Izzie and Robert still hadn’t met; Stephanie was deliberately keeping them apart. Izzie made no secret of her dislike for Robert; he was a married man who was playing around. She’d been tough on Stephanie too, reminding her how stupid she was for getting involved with someone like him. The two women had fought, and Stephanie’s relationship with Robert had almost cost them their friendship. Finally, she came to her senses and realized that Izzie was just looking out for her, trying to save her friend from what she saw as inevitable pain and heartache.
And Stephanie had been stupid; she knew that. She’d broken one of her own long-standing rules: Don’t get between another woman and her man. There were plenty more men out there. But not like Robert; Robert was different.
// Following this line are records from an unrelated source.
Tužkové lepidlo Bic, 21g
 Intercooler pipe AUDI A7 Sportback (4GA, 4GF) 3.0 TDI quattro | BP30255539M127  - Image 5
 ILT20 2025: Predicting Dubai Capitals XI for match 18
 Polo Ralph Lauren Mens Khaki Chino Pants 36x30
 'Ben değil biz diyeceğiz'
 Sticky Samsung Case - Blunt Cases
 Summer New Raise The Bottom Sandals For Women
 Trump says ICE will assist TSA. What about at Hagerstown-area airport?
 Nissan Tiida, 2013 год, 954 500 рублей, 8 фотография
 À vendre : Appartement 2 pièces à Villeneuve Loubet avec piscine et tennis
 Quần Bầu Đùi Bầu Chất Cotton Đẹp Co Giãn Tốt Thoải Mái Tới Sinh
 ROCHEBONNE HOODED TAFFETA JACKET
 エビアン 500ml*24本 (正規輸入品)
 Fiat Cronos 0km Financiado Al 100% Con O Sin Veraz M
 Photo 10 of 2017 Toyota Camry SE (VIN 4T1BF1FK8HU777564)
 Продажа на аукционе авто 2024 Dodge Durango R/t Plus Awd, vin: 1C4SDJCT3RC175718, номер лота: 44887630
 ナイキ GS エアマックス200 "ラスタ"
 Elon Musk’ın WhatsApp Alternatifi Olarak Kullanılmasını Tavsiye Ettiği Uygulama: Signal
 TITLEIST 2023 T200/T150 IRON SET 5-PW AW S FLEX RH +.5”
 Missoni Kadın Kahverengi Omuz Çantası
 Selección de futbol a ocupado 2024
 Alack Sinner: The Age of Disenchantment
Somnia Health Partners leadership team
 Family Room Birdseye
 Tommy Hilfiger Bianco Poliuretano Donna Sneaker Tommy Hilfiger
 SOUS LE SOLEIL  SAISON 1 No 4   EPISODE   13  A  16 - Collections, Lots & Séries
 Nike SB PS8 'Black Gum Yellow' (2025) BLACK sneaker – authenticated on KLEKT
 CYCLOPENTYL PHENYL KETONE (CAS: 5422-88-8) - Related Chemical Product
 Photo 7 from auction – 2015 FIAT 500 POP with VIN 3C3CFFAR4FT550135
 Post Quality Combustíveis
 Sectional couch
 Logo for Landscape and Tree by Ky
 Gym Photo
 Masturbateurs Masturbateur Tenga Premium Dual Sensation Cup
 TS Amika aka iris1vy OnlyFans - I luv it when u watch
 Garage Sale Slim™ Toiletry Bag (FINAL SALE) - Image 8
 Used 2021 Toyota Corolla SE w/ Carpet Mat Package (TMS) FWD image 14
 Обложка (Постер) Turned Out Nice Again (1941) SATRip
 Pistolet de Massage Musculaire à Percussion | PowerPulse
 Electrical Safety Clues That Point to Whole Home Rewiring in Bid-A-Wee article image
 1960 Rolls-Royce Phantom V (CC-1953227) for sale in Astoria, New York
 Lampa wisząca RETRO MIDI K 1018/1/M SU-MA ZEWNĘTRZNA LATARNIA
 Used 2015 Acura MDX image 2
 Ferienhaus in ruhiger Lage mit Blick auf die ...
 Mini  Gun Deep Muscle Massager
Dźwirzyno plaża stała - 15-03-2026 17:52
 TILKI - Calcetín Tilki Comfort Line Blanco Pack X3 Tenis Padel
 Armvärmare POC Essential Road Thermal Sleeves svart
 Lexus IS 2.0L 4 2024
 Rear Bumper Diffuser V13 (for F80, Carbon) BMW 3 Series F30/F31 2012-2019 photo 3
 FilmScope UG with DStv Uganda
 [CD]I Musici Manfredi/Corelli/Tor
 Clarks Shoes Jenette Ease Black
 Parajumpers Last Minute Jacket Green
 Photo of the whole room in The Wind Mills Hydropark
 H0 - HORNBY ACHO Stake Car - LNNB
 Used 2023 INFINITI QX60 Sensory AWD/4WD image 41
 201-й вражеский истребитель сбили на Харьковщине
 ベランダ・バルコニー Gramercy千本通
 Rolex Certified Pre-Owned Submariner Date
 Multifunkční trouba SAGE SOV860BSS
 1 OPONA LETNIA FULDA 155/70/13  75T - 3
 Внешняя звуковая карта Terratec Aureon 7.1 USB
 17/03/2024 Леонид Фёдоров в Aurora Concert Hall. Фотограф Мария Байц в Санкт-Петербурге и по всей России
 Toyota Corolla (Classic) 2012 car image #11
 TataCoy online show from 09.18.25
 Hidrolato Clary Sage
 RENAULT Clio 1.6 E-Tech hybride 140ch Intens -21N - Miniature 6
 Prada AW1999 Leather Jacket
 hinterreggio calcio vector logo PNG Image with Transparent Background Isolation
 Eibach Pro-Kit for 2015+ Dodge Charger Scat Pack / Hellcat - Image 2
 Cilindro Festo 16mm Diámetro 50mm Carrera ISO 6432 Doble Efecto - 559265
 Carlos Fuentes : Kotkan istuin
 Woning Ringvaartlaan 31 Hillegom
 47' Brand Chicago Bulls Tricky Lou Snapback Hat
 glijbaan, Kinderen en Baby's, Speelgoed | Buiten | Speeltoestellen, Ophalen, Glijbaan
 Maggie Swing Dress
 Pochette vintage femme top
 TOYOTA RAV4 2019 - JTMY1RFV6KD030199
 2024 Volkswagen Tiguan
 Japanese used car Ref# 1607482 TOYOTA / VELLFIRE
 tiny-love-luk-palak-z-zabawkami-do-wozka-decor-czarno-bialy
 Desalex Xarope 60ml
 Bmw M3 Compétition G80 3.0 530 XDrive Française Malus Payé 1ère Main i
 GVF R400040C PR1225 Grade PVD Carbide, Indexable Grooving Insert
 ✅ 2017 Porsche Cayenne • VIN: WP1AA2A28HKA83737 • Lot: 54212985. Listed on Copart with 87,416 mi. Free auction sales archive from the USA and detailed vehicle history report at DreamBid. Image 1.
Stephanie leaned forward to add more hot water to the bath. She tossed in bath salts she’d just gotten from her Secret Santa at the office party, and the slightly spicy odor of green tea permeated the damp air. She stretched out in the bath, resting her head back on the foam pillow. Over her right shoulder a short fat candle guttered out. In its original layout the condo had come with a power shower but no bath. Before she’d moved in, Stephanie had brought in a team of interior designers to reconfigure part of the second bedroom and incorporate it into the bathroom, effectively taking a corner off the unused bedroom and creating a larger bathroom. She’d gone for a country estate look for the room: An antique-style freestanding bathtub, treated to look like copper, stood in the center of the terracotta floor, and while hand-painted tiles covered three of the walls, the fourth was covered with a trompe l’oeil mural that gave the impression of a door opening out onto a Tuscan landscape. She had even had a skylight installed directly over the bath, so she could look up at the stars on clear evenings. When she’d had a particularly stressful day, she’d fill the bath almost to the brim with the hottest water she could tolerate, add bubble bath or Dead Sea salts, light some candles, and just lie back and stare at the sky. Within moments, she could feel the tensions and anxieties of the day floating away.